My kid is usually a mess when she comes home from preschool. She just gets home and melts down and has temper tantrums and is super whiny. I thought it might be because something was happening at school but when I talked to them they said she’s pretty much perfect. I don’t get it. Why is she so much better behaved at preschool?
Congratulations, Tyler! Your kid trusts you. Admittedly, the way she’s demonstrating her faith is counterintuitive and incredibly grating, but that’s still a good thing. You should really feel grateful for the meltdowns even if you hate them. How’s that for frustrating feedback? Let me explain.
Your kid is likely giving her best at preschool, where teachers are attempting to socialize her and prepare her for the big show of Kindergarten. She’s working hard and getting it done. Why is she so good at preschool when she struggles at home? Boundaries and rules at preschool are well defined and the consequences for violations are real and immediate. She apparently responds to that.
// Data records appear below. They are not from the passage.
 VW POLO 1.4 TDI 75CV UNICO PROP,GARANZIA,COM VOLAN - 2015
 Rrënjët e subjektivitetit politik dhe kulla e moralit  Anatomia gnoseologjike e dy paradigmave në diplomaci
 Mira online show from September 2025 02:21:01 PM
I’m sure you’ve been in situations where you’ve had to keep it together and show your best face despite feeling like total shit. Maybe someone made you angry at a work meeting and you had to hold your tongue. Maybe one of your in-laws did something offensive and you couldn’t tear them a new one at the dinner table (or dump a glass of red wine in their lap). It’s no fun and you feel like crap afterward. That is the genre of crap you’re getting at home.
Your daughter is still building the brain structures that help her regulate her emotion. After a long day of keeping herself in check, she needs to blow off some steam. She does that in the safest place she knows: home. Why is she losing it around you? Because she knows that you’re going to love her no matter what. She trusts that while you may get frustrated, you’re not going to disown her or stop loving her. It a sign you’re a good dad that shows his affection. How cool is that?
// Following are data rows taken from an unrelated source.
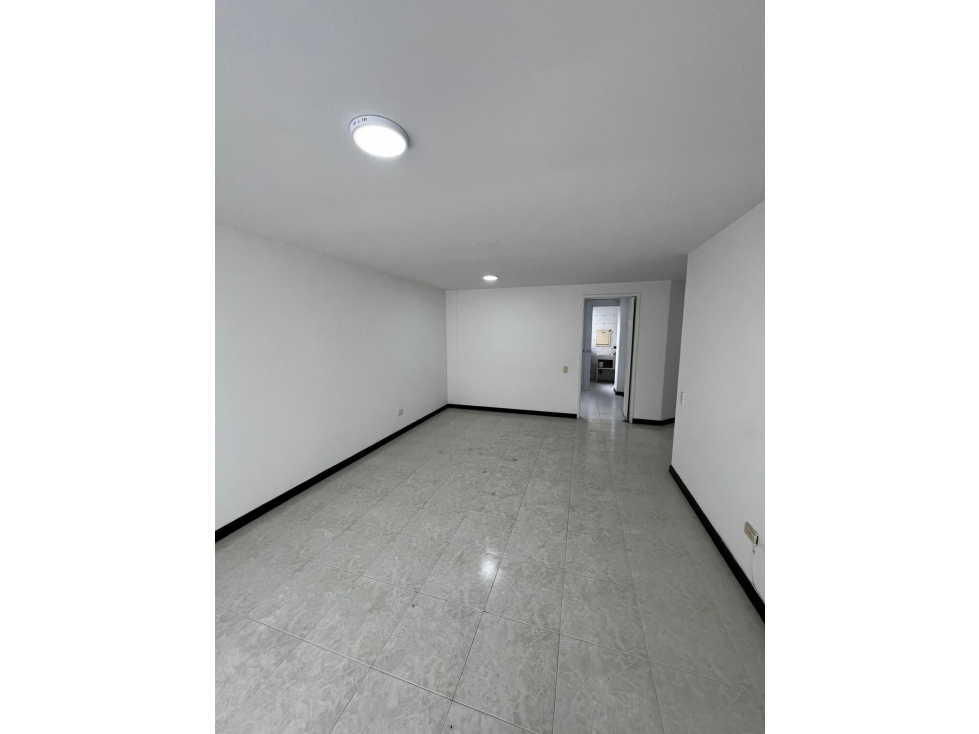 EN VENTA AMPLIO Y HERMOSO APARTAMENTO EN SECTOR LOS ALPES, PEREIRA — foto 4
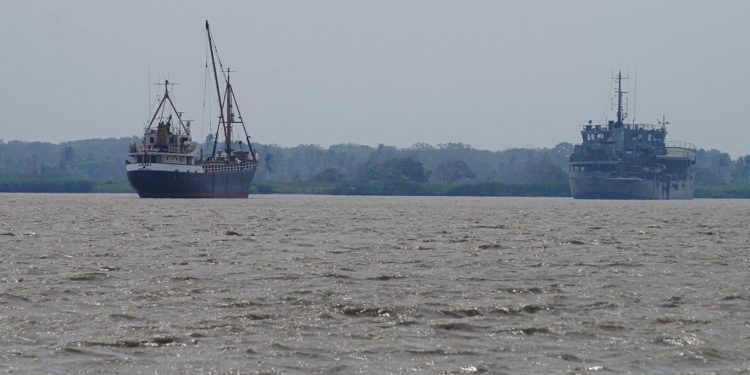 Nuevo aplazamiento a medida de seguridad ambiental pone en riesgo los ríos de Colombia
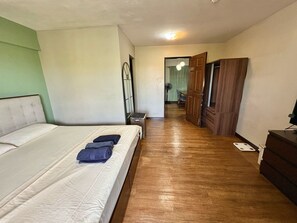 3 室のベッドルーム、デスク、アイロン / アイロン台、WiFi (無料)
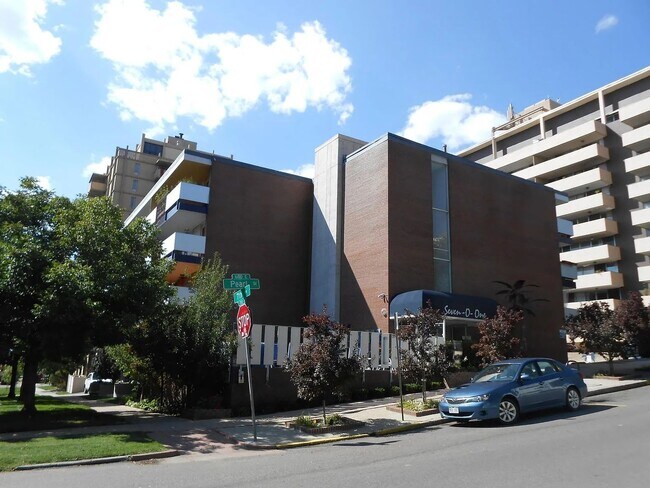 Building Photo - LOCATION LOCATION! Exceptional opportunity to rent a residence in a prime location in Governors P...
Sure, it’s a pain in the ass, but luckily you can help her transition home be a bit more mellow. One way to do that is to have some kind of getting home routine or ritual that she knows to expect every day. That could be a happy dance, or a song or a set of activities that mark the change from school to home — we put away our shoes, put up our bag, wash our hands and have a snack. Done consistently and with smiles, it can get the evening off to a better and more certain start and help her feel grounded in her safe place. Which, by the way, you helped create. Good on you, man.
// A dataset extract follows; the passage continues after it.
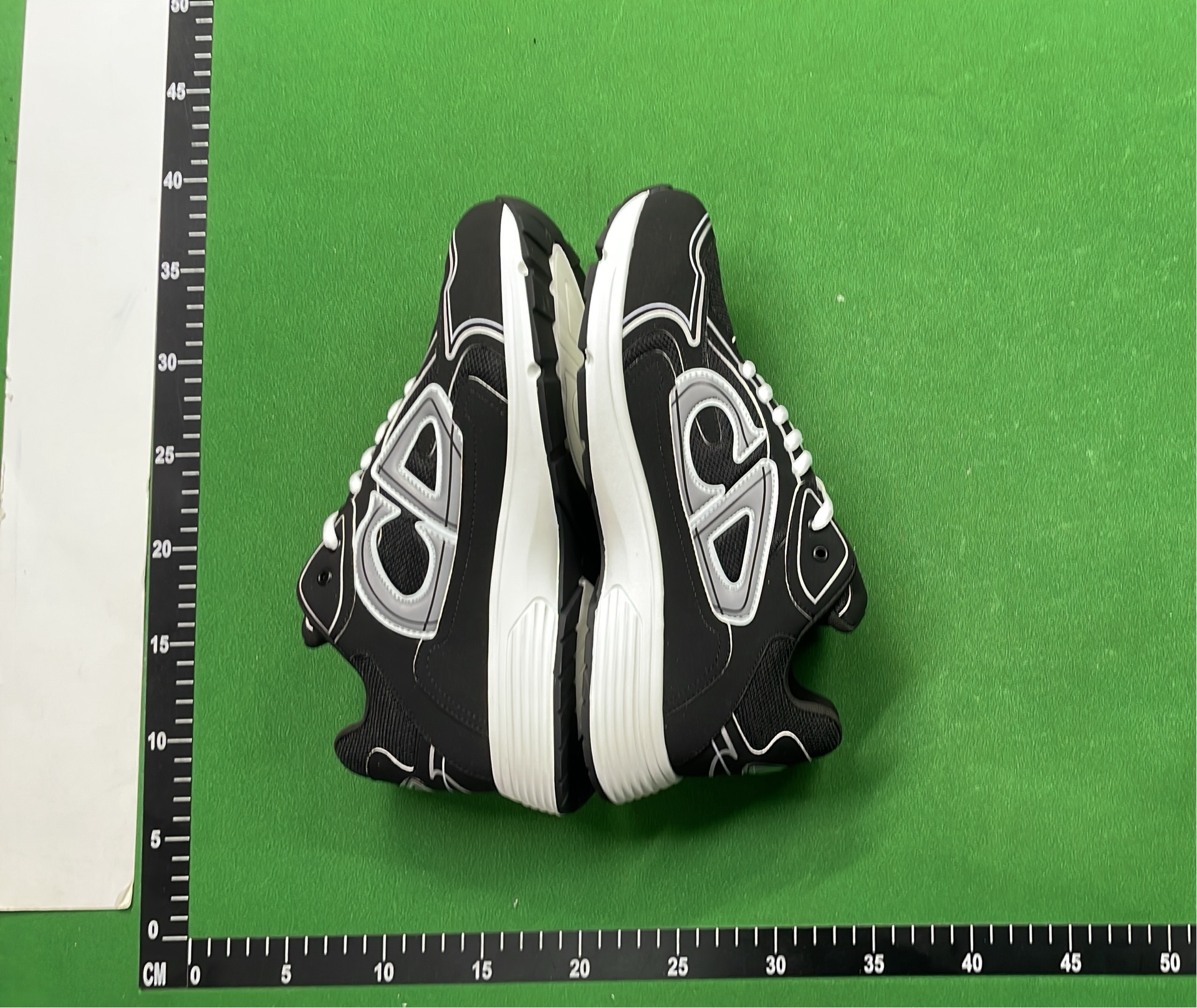 Dior Shoes IOBM1113ZBL - Stylish and Comfortable Sneakers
I’m not a fan of fart jokes. I think they are dumb and gross. That said, I have two boys who love farts. I even caught them farting in each other’s faces and laughing like idiots the other day. Why do they think farts are so funny and how can I make them cool it with the farts and fart jokes.
Los Angeles, California
C’mon, Geoff. Remove the stick from your ass. Farts are clearly funny. Your disdain for farts is ridiculous and your desire to squeeze the obvious fun out of flatulence suggests you’re in danger of raising humorless kids. Don’t be that guy.
Here’s the TL;DR version of my feedback: You can’t decide farts and fart jokes are not funny anymore than you can decide that rocks should float. What you can try to do is place boundaries around your children’s joy. I wouldn’t recommend it, but you can employ a two-fold strategy. First, don’t engage. Disgust is just egging them on. Second, emphasize context. Even though you’re clearly not a fun guy, you must admit that are forums for fart jokes that make sense. Explain this to your boys. Don’t just bark at them and hope things change.
Look. Your boys are interested in farts because farts are interesting. They are figuring out how their bodies work. They are engaging in curiosity and humor and social boundary testing. This is all good stuff. You just have to relax, Geoff. Let it go. Live a little. Fart a little.